I have a two-user PC running Windows 7 x86 Ultimate.
When the PC boots, user1 auto logs on and one of the things it loads is Network. CFP.exe does NOT load for this user.
When user2 logs on, Networx also loads. The program is designed to work with multi-users but the problem is unless I disable the Comodo service cmdagent.exe, when Networx loads for user2 it gives an error “Error in multiuser sync initialisation: System Error. Code 5. Access is denied”. CFP.exe loads with user2, but I tried disabling that first and only disabling cmdagent.exe prevents the error message.
I’ve tried setting Defense+ to disabled, along with Execution Control Level and Sandbox and now have tried the “Deactivate Defense+ permanently” option and rebooted. I’ve also tried adding “Networx.exe” to the shellcode injections Exclusions list (although I don’t think that’s necessary now I’ve disabled all those components is it?).
Neither actually. I’m using the concurrent RDP patch, so user 2 logs on via RDP whilst user 1 stays logged on locally.
If I run cfp.exe under user1 as well as user2, no new alerts appear (which I wouldn’t expect, as I’ve already got rules for everything that runs under user1) and the error still happens when networx.exe loads under user2.
Defense+ is permanently disabled, but under Computer Security Policy - Defense+ rules there’s an entry for Networx.exe set to Trusted Application.
Did you provide this info also to the Networx developer? because I’m not totally sure that this is a setup that is supported by either Networx or CIS.
As it’s non M$ default behavior we’re seeing here because of the ‘patch’, it probably also violates your M$ license.
Yes, the Networx developer is aware of my setup and says it is designed to work when more than one user is logged in (see the information in my second post).
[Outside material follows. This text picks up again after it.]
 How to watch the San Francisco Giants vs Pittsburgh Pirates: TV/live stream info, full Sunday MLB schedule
As far as Networx is concerned, I don’t think my setup is any different to fast-user switching, as that leaves user1’s programs running when user2 logs in (as far as I know anyway).
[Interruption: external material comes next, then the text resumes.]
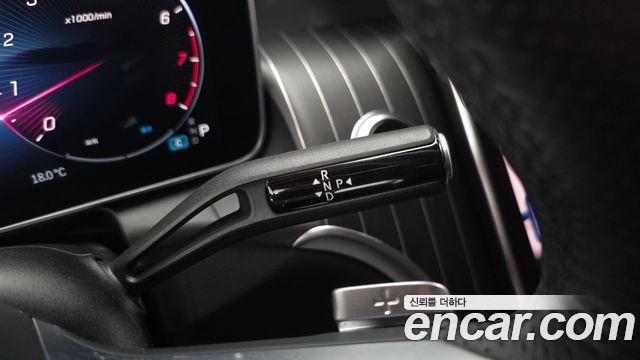 Mercedes-Benz GLC-Class (X254) GLC300 4MATIC AMG Line 2024 — фото 9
CIS works fine as well as long as I prevent cfp.exe loading for user1 (it still works if I don’t do this, but I don’t want alerts appearing on my TV and maybe there’s the potential for issues with both users running it).
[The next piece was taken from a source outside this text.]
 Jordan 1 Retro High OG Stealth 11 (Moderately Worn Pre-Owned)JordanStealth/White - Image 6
I don’t know about the M$ licence but there’s only one person using the PC, so it shouldn’t be an issue, any more than running some programs as “System” and some as “User”.
If you disable cmdagent.exe CIS will go in ‘attacked’ mode and protect several things, that might cause ‘strange’ results…
Please leave cmdagent.exe active and set things like disable D+ permanent and disable Sandbox+Image execution also that must render D+ to be ‘disabled’.